SAN FRANCISCO, 22 DECEMBER 2010 - There's a cartoon that made the rounds in the Linux community a few years back that I often think of at this time of year.
Slideshow: The Oddest Places to Find Linux
In essence, it depicts a Linux aficionado refusing to help convince someone to switch to Linux, explaining, "If everyone's using it, I'm not cool anymore."
It's a joke, of course, made funny by the fact there may just be the tiniest hint of truth underlying it, at least among some people. The reason I think of it at year's end, though, is that mainstream adoption of Linux is generally considered a goal by many in the free software community, and it's an oft-cited hope for every new year.
There are, of course, numerous critics who say it will never happen, at least on the desktop. I disagree. Either way, however, it's fun to think it through, in both a serious and a not-so-serious way: What if everyone ran Linux?
1. Malware Would Take a Hit
Certainly the biggest effect of widespread Linux adoption would be that today's Windows-dominated monoculture would disappear, replaced instead by a diversity of Linux distributions.
That, in turn, would make life very difficult for malware creators. Sure, they may begin focusing their efforts on Linux rather than Windows, but instead of having one, huge, slow-moving easy target, it would be a matter of trying to kill 100 birds with one stone.

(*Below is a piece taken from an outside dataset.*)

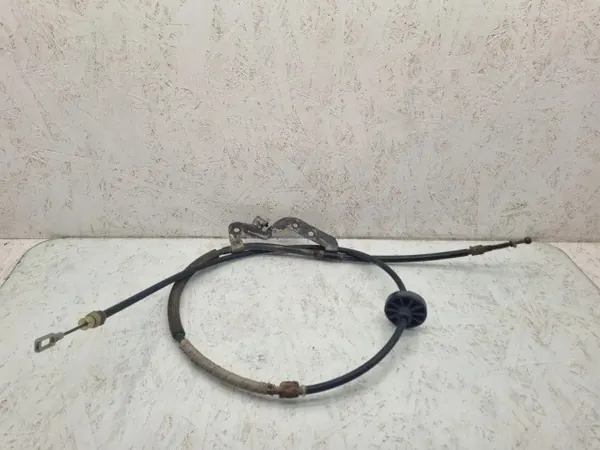 Cable de freno de mano Audi OEM 8E0609721AH - Usado image 6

They'd stand very little chance of hitting more than a relatively small proportion of the population at any given time, in other words.
In Linux, the way permissions are assigned also means that the potential damage an individual piece of malware could achieve is much more limited. Would malware creation still be as profitable? I'm not so sure.

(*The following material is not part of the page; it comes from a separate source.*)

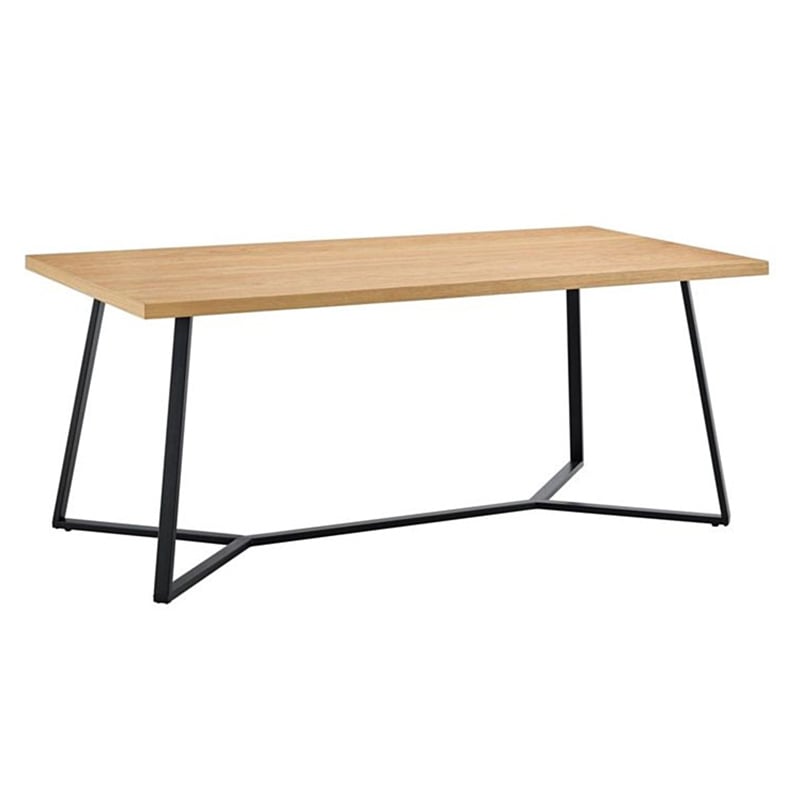 6 Seater Belfast Dining Table & Chair Set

2. The PC Security Industry Would Wither
Yes, it's still a good idea to use antivirus software when you're running Linux, and the increased focus on Linux may make that more necessary.

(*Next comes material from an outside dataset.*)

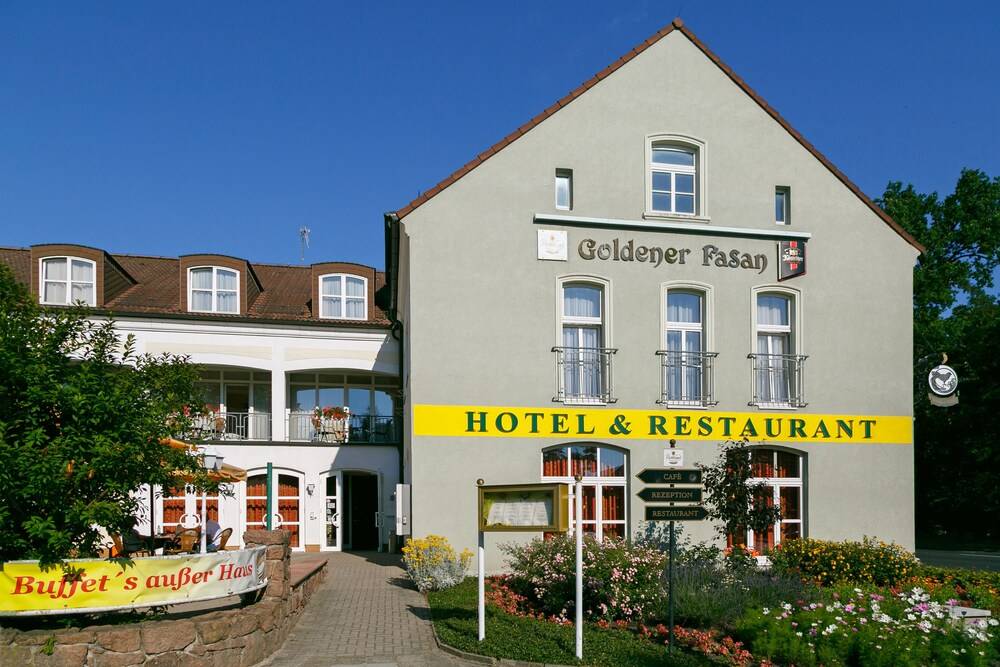 Hotel Entrance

But given Linux's built-in security advantages, what now exists as the colossally huge PC security industry would no longer be able to sustain itself on such a massive scale.
That would be even more true, of course, because of the openness of Linux's code, which enables users to identify and fix vulnerabilities themselves, as they arise. No more waiting for security bulletins or fixes in a "Patch Tuesday" event far down the road.